De spoedeisendheid van de zaak is gegeven met de aard van de vordering.
2.3.
Voor toewijzing van de voorlopige voorziening zoals door Mitros wordt gevorderd, moet het in hoge mate waarschijnlijk zijn dat een gelijkluidende vordering in een te voeren bodemprocedure zal worden toegewezen.
2.4.
Mitros vordert ontruiming van de woning aan de [adres] in [woonplaats] op straffe van een eenmalige dwangsom van € 2.500,00, met veroordeling van [gedaagde sub 1] en [gedaagde sub 2] in de proces- en nakosten.
Mitros legt hieraan ten grondslag dat in de woning aan de [adres] in [woonplaats] door de politie een hennepkwekerij is aangetroffen. Mitros stelt zich op het standpunt dat op grond van artikel 6 lid 7 van de Algemene Huurvoorwaarden 2006 het een huurder niet is toegestaan in het gehuurde hennep te kweken en meer in het algemeen dat er niet is voldaan aan zijn verplichting tot goed huurderschap.

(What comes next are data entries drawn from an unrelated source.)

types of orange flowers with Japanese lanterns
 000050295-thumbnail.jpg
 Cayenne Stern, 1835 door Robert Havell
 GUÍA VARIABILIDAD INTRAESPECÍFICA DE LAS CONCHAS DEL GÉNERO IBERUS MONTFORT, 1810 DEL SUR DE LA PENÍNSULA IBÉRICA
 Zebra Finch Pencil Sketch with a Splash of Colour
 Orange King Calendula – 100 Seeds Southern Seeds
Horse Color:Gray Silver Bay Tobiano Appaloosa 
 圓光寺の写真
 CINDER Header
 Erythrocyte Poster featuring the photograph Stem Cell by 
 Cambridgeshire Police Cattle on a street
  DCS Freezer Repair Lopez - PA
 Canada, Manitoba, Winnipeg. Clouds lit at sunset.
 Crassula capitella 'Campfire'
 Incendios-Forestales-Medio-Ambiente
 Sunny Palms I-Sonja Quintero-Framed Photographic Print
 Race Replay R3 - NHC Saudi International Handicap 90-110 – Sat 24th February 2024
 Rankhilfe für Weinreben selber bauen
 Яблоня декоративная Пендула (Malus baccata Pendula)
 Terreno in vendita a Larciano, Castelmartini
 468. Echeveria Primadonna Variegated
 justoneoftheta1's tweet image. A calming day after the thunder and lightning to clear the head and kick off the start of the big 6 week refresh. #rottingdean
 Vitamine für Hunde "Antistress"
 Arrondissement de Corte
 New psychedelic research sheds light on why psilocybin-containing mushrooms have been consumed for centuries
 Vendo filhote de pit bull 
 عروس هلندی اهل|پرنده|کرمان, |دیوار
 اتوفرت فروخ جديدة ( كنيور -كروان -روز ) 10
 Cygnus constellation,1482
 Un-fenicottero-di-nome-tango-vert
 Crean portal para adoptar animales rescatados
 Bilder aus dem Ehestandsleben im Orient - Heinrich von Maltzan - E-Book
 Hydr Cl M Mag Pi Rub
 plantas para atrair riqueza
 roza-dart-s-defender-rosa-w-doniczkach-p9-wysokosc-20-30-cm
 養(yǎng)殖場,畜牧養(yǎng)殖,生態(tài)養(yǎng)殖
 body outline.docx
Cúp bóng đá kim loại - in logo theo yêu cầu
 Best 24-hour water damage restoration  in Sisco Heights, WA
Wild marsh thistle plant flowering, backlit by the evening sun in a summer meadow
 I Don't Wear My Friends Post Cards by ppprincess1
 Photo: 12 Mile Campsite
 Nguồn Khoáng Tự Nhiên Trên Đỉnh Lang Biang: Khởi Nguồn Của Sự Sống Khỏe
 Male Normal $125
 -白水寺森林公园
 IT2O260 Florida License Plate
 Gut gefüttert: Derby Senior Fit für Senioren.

Nu Mitros met [gedaagde sub 1] de huurovereenkomst met betrekking tot de [adres] in [woonplaats] is aangegaan vordert zij jegens [gedaagde sub 1] de ontruiming. In een telefonisch contact tussen Mitros en [gedaagde sub 1] heeft deze aangegeven dat hij de woning onderverhuurt. Ten tijde van de politie-inval was [gedaagde sub 2] in de woning aanwezig. Mitros heeft ook jegens [gedaagde sub 2] de ontruiming gevorderd, voor het geval hij degene is die de woning onderhuurt van [gedaagde sub 1].
2.5.
Nu [gedaagde sub 1] en [gedaagde sub 2] geen verweer hebben gevoerd en de vordering de kantonrechter niet onrechtmatig of ongegrond voorkomt, wordt het gevorderde toegewezen, met dien verstande dat de gevorderde dwangsom zal worden afgewezen, aangezien Mitros onvoldoende belang heeft om naast het dwangmiddel van de sterke arm over het indirecte middel van een dwangsom te beschikken.
2.6.
[gedaagde sub 1] en [gedaagde sub 2] zullen als de in het ongelijk gestelde partij hoofdelijk in de proceskosten worden veroordeeld. De kosten aan de zijde van Mitros worden begroot op:
- dagvaarding € 191,54 (2x € 95,77)
- griffierecht € 115,00
- salaris gemachtigde €
400,00(2 punten x tarief € 200,00)
Totaal € 706,54
2.7.
De nakosten, waarvan Mitros betaling vordert, zullen op de in het dictum weergegeven wijze worden begroot.

3.De beslissing

De kantonrechter:
3.1.
verleent verstek tegen [gedaagde sub 1] en [gedaagde sub 2];
3.2.
veroordeelt [gedaagde sub 1] en [gedaagde sub 2] om de onroerende zaak aan de [adres] in [woonplaats] met al en wie en wat zich daarin vanwege hen bevindt binnen 10 dagen na betekening van dit vonnis te ontruimen en te verlaten en met overgifte van de sleutels geheel ter vrije beschikking van Mitros te stellen;
3.3.
veroordeelt [gedaagde sub 1] en [gedaagde sub 2] hoofdelijk, in die zin, dat wanneer de één betaalt, de ander tot de hoogte van die betaling zal zijn bevrijd, tot betaling van de proceskosten aan de zijde van Mitros, tot de uitspraak van dit vonnis begroot op € 706,54, waarin begrepen € 400,00 aan salaris gemachtigde;
3.4.
veroordeelt [gedaagde sub 1] en [gedaagde sub 2] hoofdelijk, in die zin, dat wanneer de één betaalt,
de ander tot de hoogte van die betaling zal zijn bevrijd, onder de voorwaarde dat zij niet
binnen 14 dagen na aanschrijving door Mitros volledig aan dit vonnis voldoet, in de na dit
vonnis ontstane kosten, begroot op:
- € 100,00 aan salaris gemachtigde;
- te vermeerderen, indien betekening van het vonnis heeft plaatsgevonden, met de explootkosten van betekening van het vonnis, te vermeerderen met de wettelijke rente over dit bedrag vanaf 14 dagen na betekening van dit vonnis;
3.5.
verklaart dit vonnis uitvoerbaar bij voorraad;
3.6.
wijst het meer of anders gevorderde af.
Dit vonnis is gewezen door mr. K.G.F. van der Kraats, kantonrechter, en is in aanwezigheid van de griffier in het openbaar uitgesproken op 20 augustus 2014.